This summer I did my first solo bike ride from Germany to Copenhagen. When I found out the European World Messenger Championships were happening in Copenhagen it felt like that was just a few jabs of a map away to go and join in. It was windy, full of windmills, powered largely by E numbers and I made friends with some ducks on the way.
It turns out that being on the continent and living in Berlin this summer means that my habit of jabbing at maps and working out whether I can cycle there is more rife than ever. I’d never really had to think about how I felt thought about England being an island before, but being in another country is good for making you aware of things you’d never have thought of otherwise I suppose. Like saying convoluted forms of thank you too much.

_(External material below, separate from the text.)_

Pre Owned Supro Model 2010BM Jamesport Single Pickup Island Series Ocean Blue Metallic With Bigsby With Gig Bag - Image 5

Continents are cool. Europe is great. Some Americans and Australians have said that you see a lot change in a short space of time, and I’m feeling that right now. I’m enjoying understanding that. I’m also – mostly – loving the trains here which can take you straight into other places really quickly without checking in and waiting around in the same way. I don’t know that it’s ‘Slow Travel’ but there’s something awesome about seeing the world whizz by. Travelling ten hours on a train doesn’t seem a chore, because you’re changing country and that concept is still blowing my mind.
90 miles/155km in a day isn’t impossible but it was my first bike ride by myself, and in Europe. Generally I figured nothing too bad was going to happen, which seems to work out as a rule to live by. On the whole, it felt like I was wearing all the memories of past weird cycles with friends like a little mental cape of accumulated joy.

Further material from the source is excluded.